I won't float an argument from consequences here -- maybe Coyne is right and divine design is a perfectly respectable scientific argument -- but we have at least to consider why so many scientists would disagree.
But how well does the logic of the "bad design" argument hold up? Elliot Sober has pointed out that it doesn't do well at all. It requires that the proponent assert the motive of the God in any particular design ... as Coyne does by asserting that he/she/it would favor "perfect" design (as decided by who? ... Coyne? ... he's perfect?).
Now, I'll certainly grant that "imperfect" design is well explained by evolution. Along with the positive evidence for evolution, it definitely is no impediment to accepting evolution and, in that sense, "supports" evolution. But, as supposedly "scientific" evidence against theism, it is not unlike the fact that the sun appears to rise in the east, travels across the sky and sets in the west. That has been explained by the sun orbiting the Earth or by the Earth orbiting the sun while turning on its axis. There may even be nuances in the way that the sun rises, travels and sets that favors, somewhat, the latter proposition. But to declare the fact of there being a sunrise and sunset is "scientific evidence" for heliocentrism and against geocentrism is, at the very least, a misrepresentation of the claims, since both propositions accommodate the same evidence.

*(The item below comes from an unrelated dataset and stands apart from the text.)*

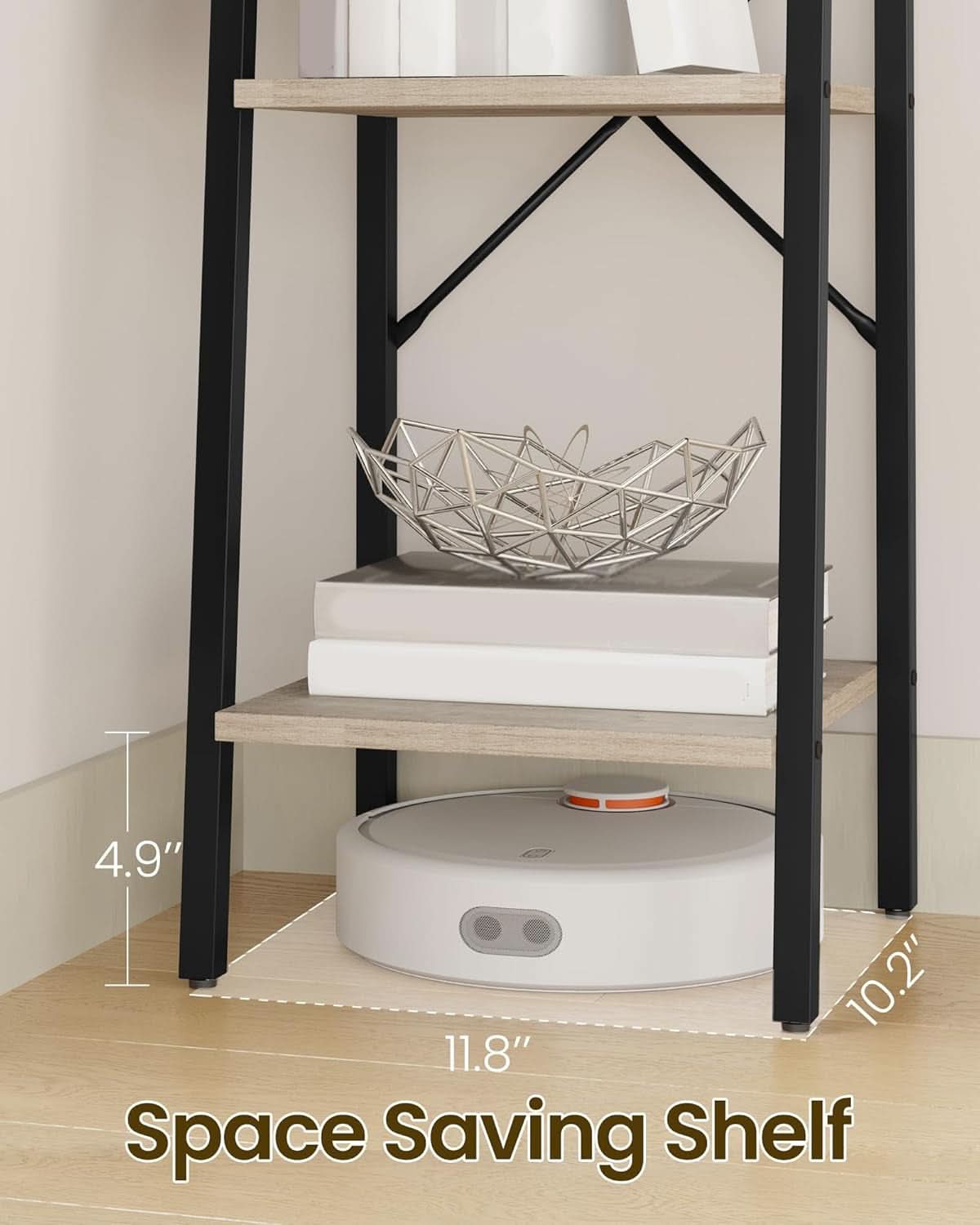 Greige 5 Tier Ladder Shelf Bookcase Freestanding Corner
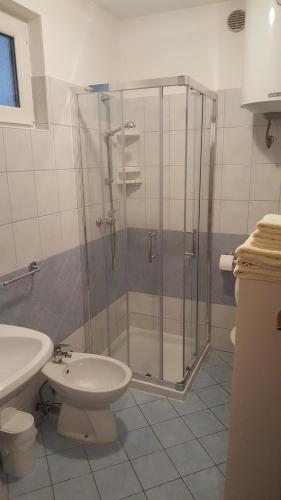 a bathroom with a shower and a toilet and a sink at Apartment Koruna in Medulin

And, then, there is serious question begging:
[I]f life was made by a god, it must have been a certain kind of god: one who designed creators to make us think that they had evolved.
Dealing with Klinghoffer is much easier. Coyne, for once, is right:
It always mystifies me that people who claim that God works in mysterious ways are nevertheless so certain about his motives.
Pick a ground on which you want to stand, David. Until then, any honest person will view you as a dissembler.